Mutual funds or MF in short are known for their good returns and variety of investment choices, including tax saving schemes.

Unit linked Insurance Plans or ULIP are popular for its triple benefits of life cover, capital appreciation and income tax benefits.

An MF collects money from the public and invests in equity, debt or a combination of both, as per a pre-specified investment objective. Investors are offered units depending on the value of their investment, on a pro rata basis. Equity funds invest to generate growth by way of capital appreciation for investors, whereas debt funds invest in fixed income securities such as bonds, debentures, government securities, reverse repos, etc. A balanced fund invests partly in both equity and debt. A mutual fund scheme can be open-ended (no defined time period) or close ended (three years or five years).

ULIP investment proportion is structured like a mutual fund. The prime objective of this product is insurance and capital appreciation. Accordingly, a part of the premium paid to the company is allocated towards life insurance cover, administrative charges and management fees. The rest is invested in market-linked instruments like stocks, corporate bonds and government securities, depending on the asset allocation plan. Most ULIP offer policy holders a choice of plans, namely equity oriented, debt oriented and balanced too. Policy holders will get units for the amount invested and not on the full premium amount paid. Investor can switch from one plan to another as per the specified number of times.


There is no minimum holding period for most mutual fund schemes, except in the case of tax saving schemes (ELSS) which have a three year lock in period. Close-ended funds, which have a lock in period are either listed on the stock exchange or provide liquidity by accepting redemptions at periodic time intervals (e.g. every three months or six months).

ULIP have a minimum tenure of 5 years and the maximum term depends on the age of the investor. These are also subject to a lock-in period of three years before which an investor has no access to the investment amount.

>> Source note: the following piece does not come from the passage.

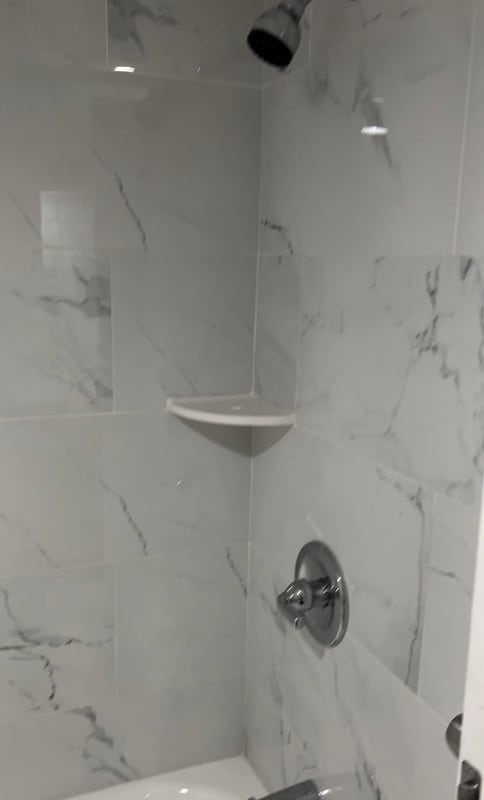 Building Photo - 285 Pearsall Ave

Mutual funds usually give better returns on investment than ULIP since a larger portion of investor contribution is invested in securities. The returns vary with the investment pattern. For example debt schemes are presently offering on an average basis, annualized returns of 3 to 8%, whereas equity oriented schemes are presently offering returns in the range of 30 to 60% per annum. ULIP charge higher expenses as a percentage of investment than MF – the amount available for investment reduces to that extent. Life insurance cover charges and other expenses are factored into the ULIP premium. Since the base for investment is lower, the returns offered by ULIP will mostly be lower than those on mutual fund schemes

Redemption procedure:

MF: The redemption amount is calculated by multiplying the Net Asset Value (NAV minus exit load, if any) on the date of redemption with the number of units redeemed. Mutual fund investments are highly liquid. The redemption amount is received within 1 to 3 working days based on scheme type.

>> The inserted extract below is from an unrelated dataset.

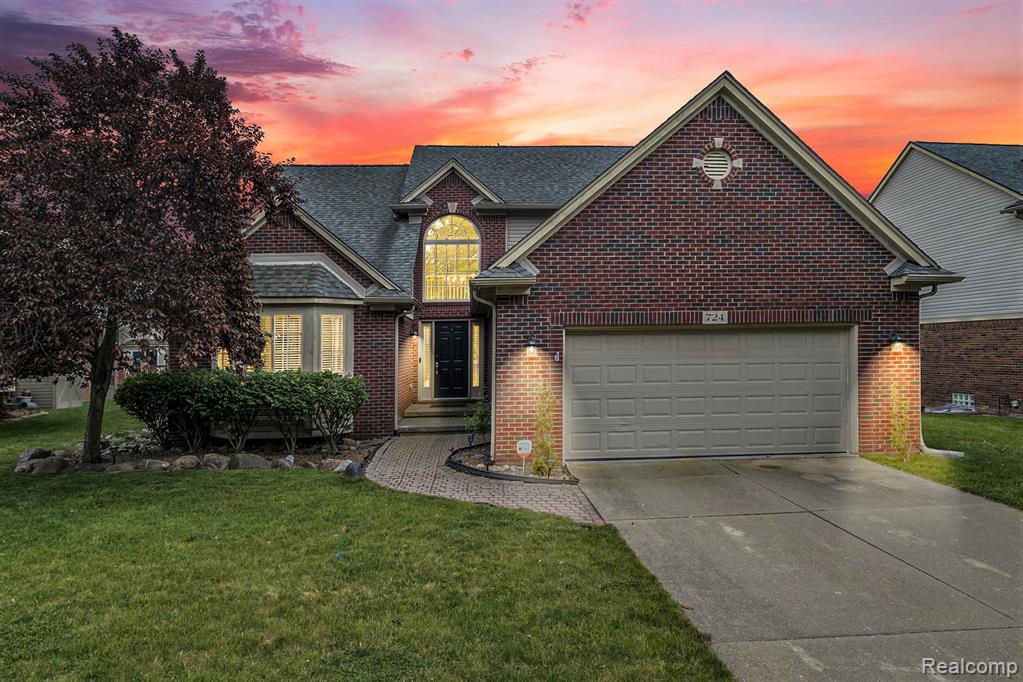 724 Pinecreek Drive, Fenton, MI 48430 — Photo 2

In the case of ULIP the policy holder can redeem units under any of the following situations:

End of the period on the maturity date of the ULIP.
Surrender: If the investor surrenders policy, the surrender value as stated in the policy after the lock-in period of three years will be received by him.
Death: In the event of unfortunate demise of the investor, his nominee receives the sum assured or the value of the units, whichever is higher.
Partial Withdrawals: Some funds allow partial withdrawal at periodic time intervals. Units will stand reduced to that extent for the holder.